Ана покачала головой, остро ощутив его приближение, когда он наклонился к ней.
– Тут диагноз «Недифференцированная шизофрения и психоневротическая депрессивная реакция».
– И что? – спросила Лайла. – Что это такое?
– Это именно так сложно, как звучит. Но, с нашей точки зрения, это значит, что этого парня должны были госпитализировать с его согласия. Если Джаспер якобы был согласен на госпитализацию, его должны были накачать до бессознательного состояния, чтобы он был неспособен отвечать на любые вопросы. Потому что если бы он был в сознании, то ему поставили бы диагноз «параноидальная мания преследования» или еще что-то в том же духе. А не «шизофрения и депрессия».
– Следующие две госпитализации – женщины, – сказал Коул.
Он пролистал страницы и остановился на единственной оставшейся записи: «Скотт Резерфорд, 23.05, больница «Три мельницы»».
Предварительный диагноз звучал как «шизофрения с манией величия и преследования», госпитализация без согласия пациента. Это выглядело убедительно. Если Джаспер протестовал против госпитализации, если он пытался убедить помощника психиатра в истинном положении дел – а подписывали решение о госпитализации всегда двое, – то врачи легко могли прийти именно к такому предварительному диагнозу.
Если ей с такой легкостью удалось получить поддельное удостоверение личности, то, наверное, смотрители – или кто там засадил Джаспера под замок – вполне могли проделать то же самое.

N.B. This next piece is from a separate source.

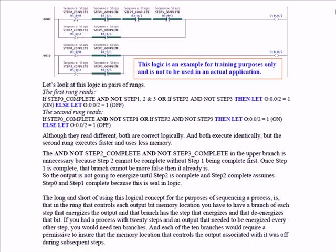So adding the output control logic from a sequencer is another whole facet to this. So you have two pieces: you have the sequencer input logic and the sequencer output logic.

Просматривая остальные детали госпитализации, она остановила взгляд на подписях психиатров в конце документа.
У нее оборвалось сердце. В глазах все поплыло. Она протянула руку, чтобы опереться на спинку кровати, но промахнулась и рухнула во тьму, увидев, как реальность расползается клочьями.

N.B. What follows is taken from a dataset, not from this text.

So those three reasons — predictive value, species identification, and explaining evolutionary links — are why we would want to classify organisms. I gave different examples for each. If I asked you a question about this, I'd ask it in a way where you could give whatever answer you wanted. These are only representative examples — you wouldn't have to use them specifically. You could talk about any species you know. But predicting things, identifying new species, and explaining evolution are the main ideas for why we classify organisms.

Спустя долю секунды она уже очнулась. Она лежала на полу не двигаясь. Лайла паниковала. Коул поднял ее, аккуратно прихватив руки и ноги. Ее голова легла ему на грудь.
– Со мной все в порядке, – прошептала она.
– Принеси воды, – приказал Коул сестре.
– Со мной все в полном порядке.
Коул и Лайла хлопотали и суетились, пока Ана не заставила себя сесть прямо и не велела им оставить ее в покое. Следующий час она провела у неплотно занавешенного окна, наблюдая за тем, как полусвет переходит в сумерки, а сумерки – в ночь, глядя на ведущую от дома дорожку и улицу за ней. Коул и Лайла убрали остатки ужина и сдвинули кровати. Ане предстояло лечь с одного края, Лайле – в серединке, а Коулу – по другую сторону. Брат с сестрой бросали на нее быстрые взгляды, которые она скорее ощущала, чем видела, и которые полностью игнорировала. Она ни о чем не думала: отцовская подпись выжгла огромную дыру у нее в мозгу.
19. «Три мельницы»
Спустя несколько часов Ана внезапно проснулась и обнаружила, что чувство отрешенности исчезло, сменившись острой болью. Она скатилась с края кровати и прокралась к окну. В беспросветной темноте все казалось неподвижным.
На ней по-прежнему были надеты джинсы и одолженная Лайлой футболка. Она сунула ноги в туфли, натянула через голову коричневый свитер Коула и прихватила его дутую куртку. После этого зажгла свечу и на цыпочках прошла к двери.
Коридоры между их комнатой и ступеньками крыльца были выстывшими и зловещими. Она нащупала засовы и оставила обе двери приоткрытыми, чтобы можно было вернуться в дом. Когда она выскользнула в ночь, морозный воздух ожег ей горло.
Встав на крыльце, Ана устремила взгляд на звезды. Когда-то в Лондоне световое загрязнение было настолько сильным, что звезд нельзя было увидеть даже безоблачной ночью. А вот теперь сотни мерцающих серебристых огоньков усыпали небо.
По ее телу пробежала дрожь, и она крепко обхватила себя руками. Холод прогнал остатки ее прежнего отупения и безволия. Она села на ступеньки в форме полукруга и принялась растирать кисти рук.
Из дома до нее донеслось шарканье. Она обернулась на шум и увидела в дверях высокую фигуру Коула.
– Привет! – шепотом поздоровался он.
– Привет! – прошептала она в ответ.
Он подошел и сел рядом с ней.
– Не спится?
– Да, – ответила она. – Извини, я взяла твою куртку. Вернуть?
– Нет-нет… Оставь себе.
– Спасибо.
Ана туго обернула куртку вокруг талии и спрятала подбородок в воротник.
– Не хочешь поговорить о том, что случилось? – спросил он.
Тугой обруч, сжимавший ей голову, опустился ниже, захватив и плечи тоже. Она тихо кашлянула.